Consumer Loans. Our consumer loans consist primarily of home equity lines of credit, automobile loans and overdraft loans, loans secured by deposits and securities, and unsecured personal loans. As of December 31, 2010, consumer loans totaled $10.9 million, or 2.8%, of our total loan portfolio.

At December 31, 2010, home equity lines of credit totaled $9.2 million, or 2.3%, of total loans. Home equity lines of credit are generally made for owner-occupied homes, and are secured by first or second mortgages on residential properties. We generally offer home equity lines of credit with a maximum loan to appraised value ratio of 90% (including senior liens on the subject property).
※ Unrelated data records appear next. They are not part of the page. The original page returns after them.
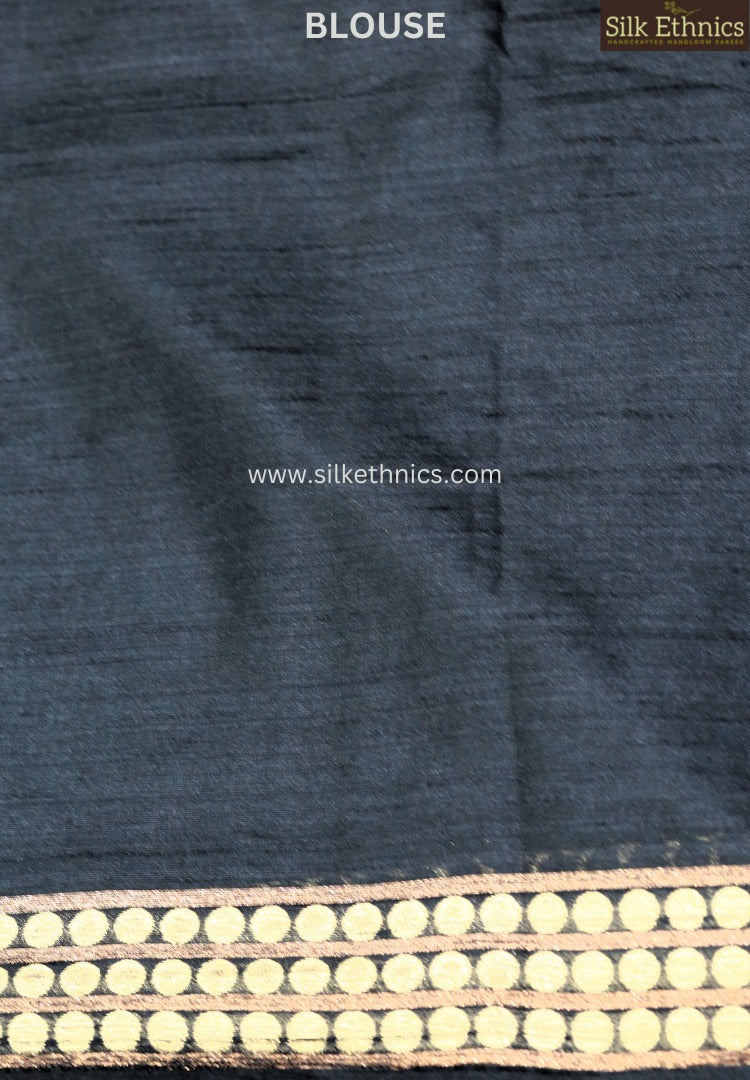 Royal black dupion silk saree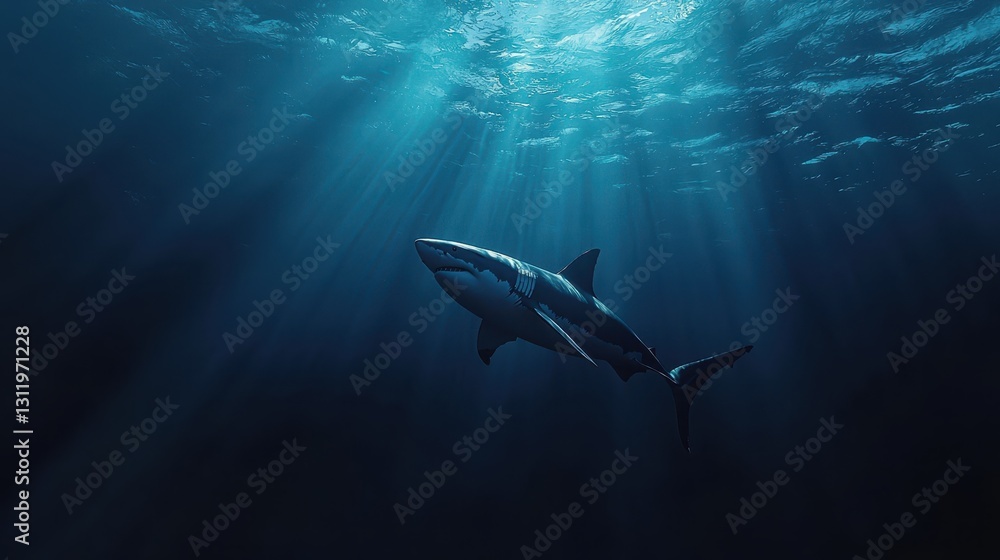 Fototapeta premium A great white shark swimming in deep blue waters, its sleek body cutting through the ocean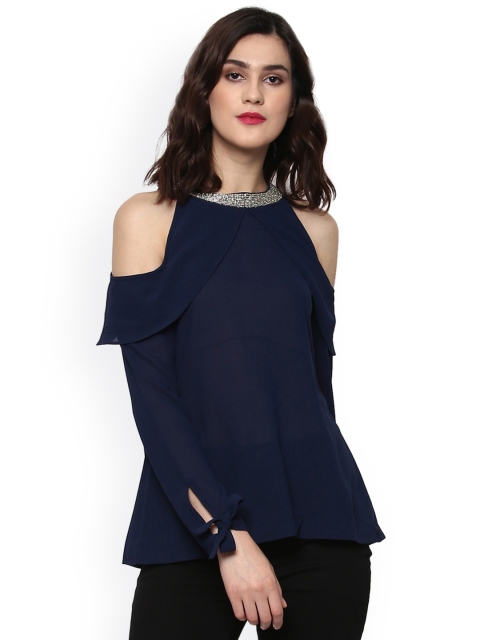 

SASSAFRAS Women Navy Blue Solid Cold-Shoulder Top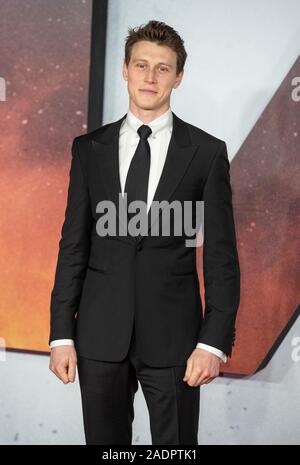 London, UK. 04th Dec, 2019. LONDON, ENGLAND - DECEMBER 04: George MacKay attends the World Premiere and Royal Performance of '1917' at Odeon Luxe Leicester Square on December 4, 2019 in London, England. Credit: Gary Mitchell, GMP Media/Alamy Live News Stock Photo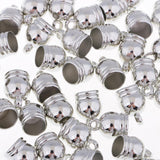 Max 50Pcs Plastic End Cap Bead Stopper DIY Leather Cord Jewelry Findings  Silver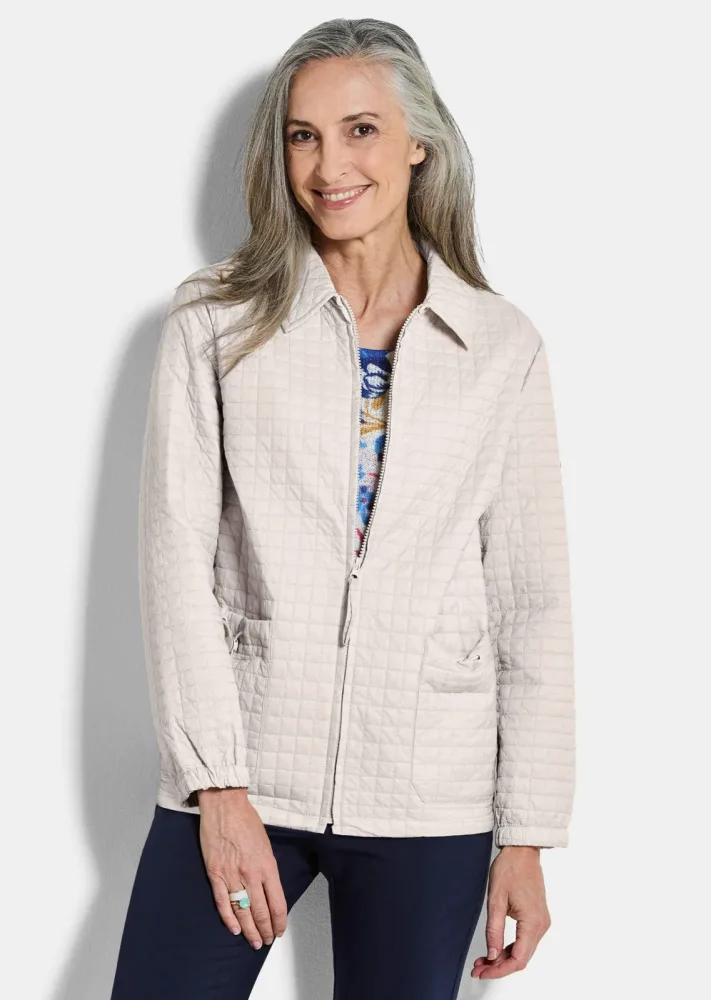 Jacke mit Waffelstepp - stein - Gr. 19 von Goldner Fashion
We currently offer these loans for terms of up to five years and with adjustable rates that are tied to the prime lending rate. Clover Leaf Bank previously offered these products with a maximum loan to appraised value of 85% with terms of up to 10 years, and we still retain some of these longer-term loans. To date, we are seeing minimal stress in our home equity portfolio or signs of material default risks. We do review reports periodically of the higher advanced credit lines and look at payment patterns and advance patterns in an effort to detect potential problems.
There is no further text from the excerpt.